Data extracted from a collection:
== == ==
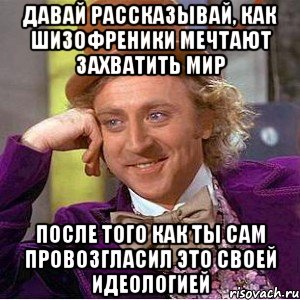 давай рассказывай, как шизофреники мечтают захватить мир после того как ты сам провозгласил это своей идеологией, Мем Ну давай расскажи (Вилли Вонка)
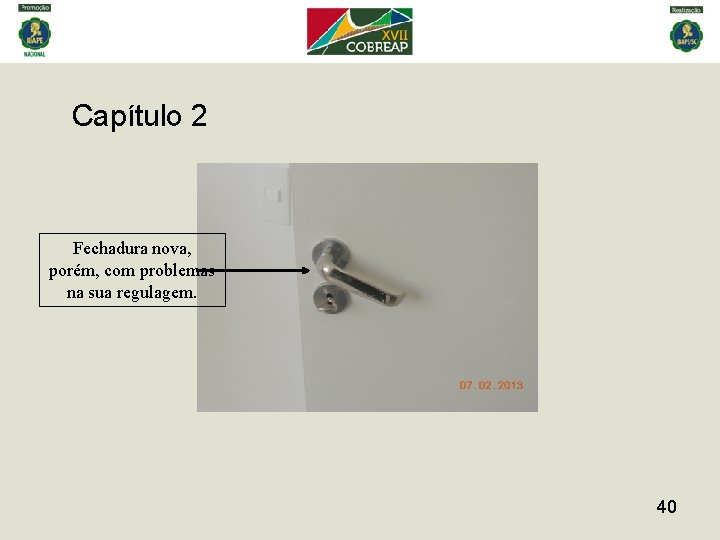 Capítulo 2 Fechadura nova, porém, com problemas na sua regulagem. 40 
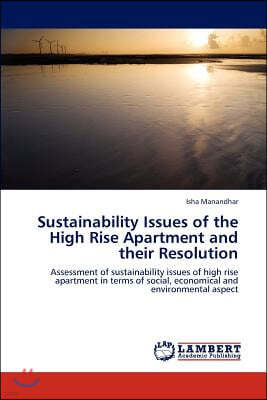 Sustainability Issues of the High Rise Apartment and Their Resolution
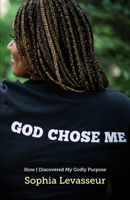 God Chose Me: How I Discovered My Godly Purpose 1948581507 Book Cover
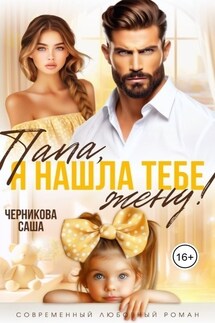 Папа, я нашла тебе жену! - Саша Черникова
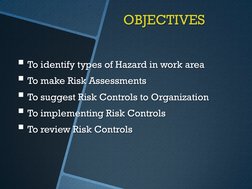 OBJECTIVES 
To identify types of Hazard in work area 
To make Risk Assessments 
To suggest Risk Controls to Organization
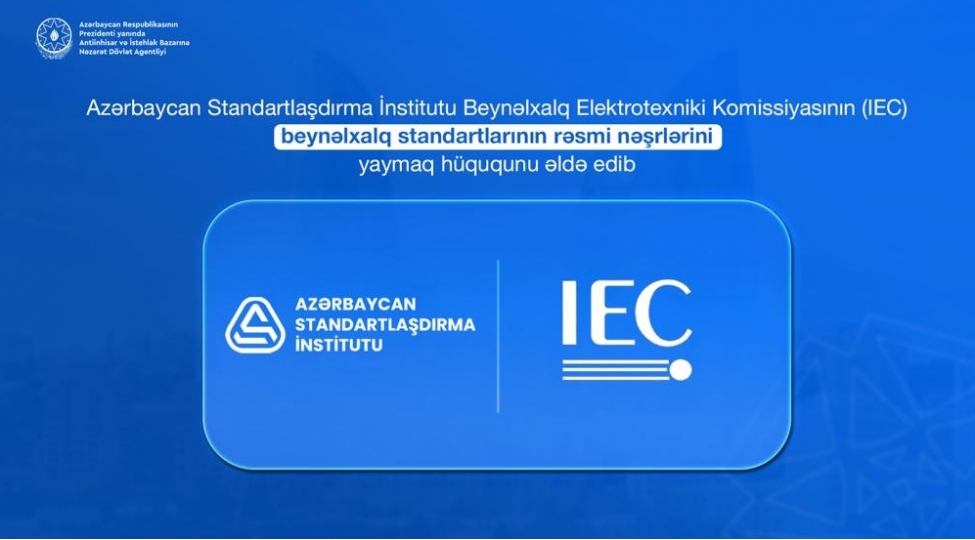 azstand-iec-standartlarinin-resmi-neshrlerini-yaymaq-huququnu-elde-edib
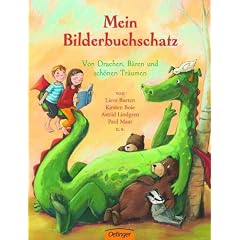 Mein Bilderbuchschatz: Von Drachen, B�ren und sch�nen Tr�umen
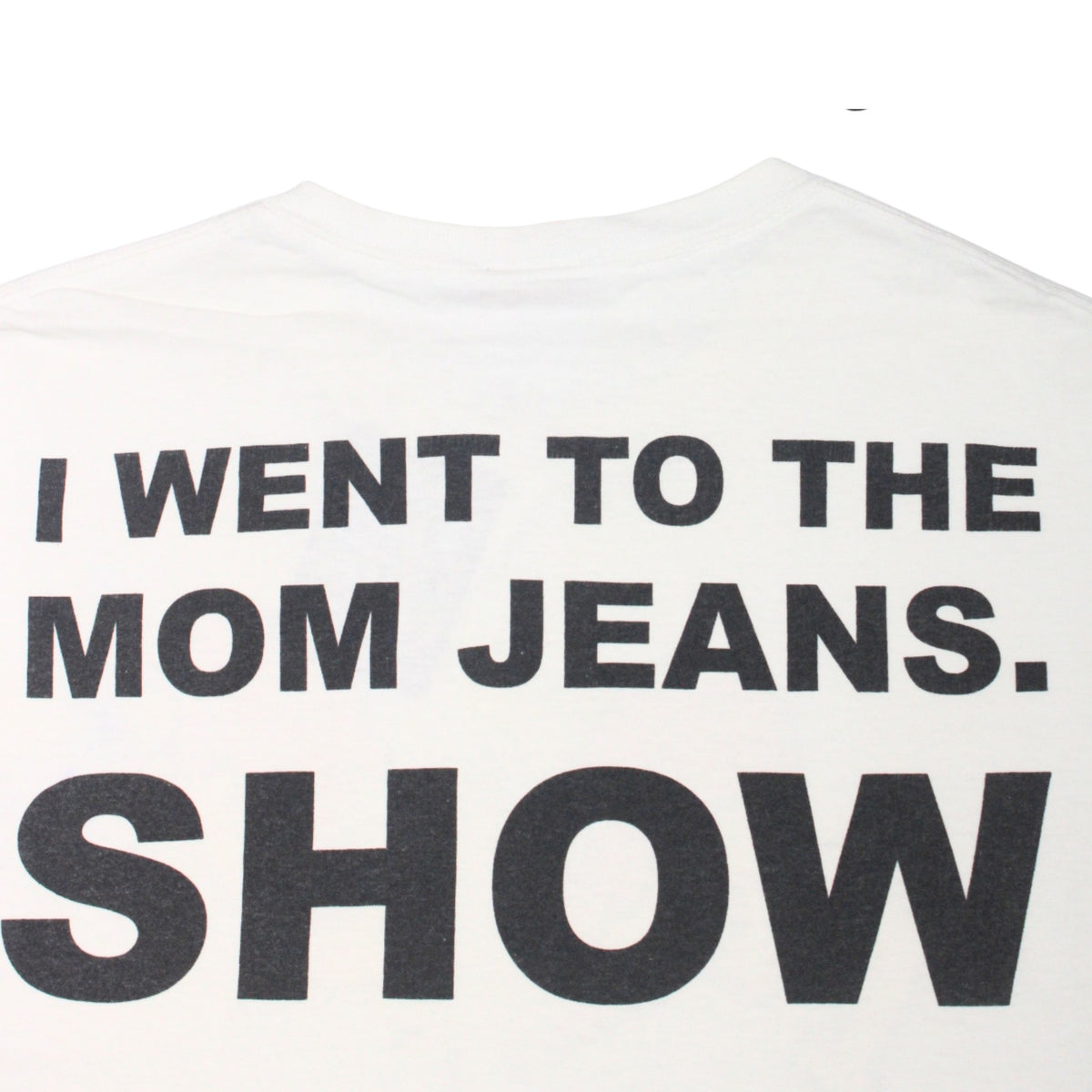 2010S MOM JEANS "I WENT TO THE MOM JEANS SHOW" TEE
== == ==
**What you are asked to do:** Only one stretch of the data is wanted: write out exactly the lines from the one holding "Capítulo 2 Fechadura" through the one holding "God Chose Me: How", both included, without the pictures.

**Answer to this task:**
 Capítulo 2 Fechadura nova, porém, com problemas na sua regulagem. 40 
 Sustainability Issues of the High Rise Apartment and Their Resolution
 God Chose Me: How I Discovered My Godly Purpose 1948581507 Book Cover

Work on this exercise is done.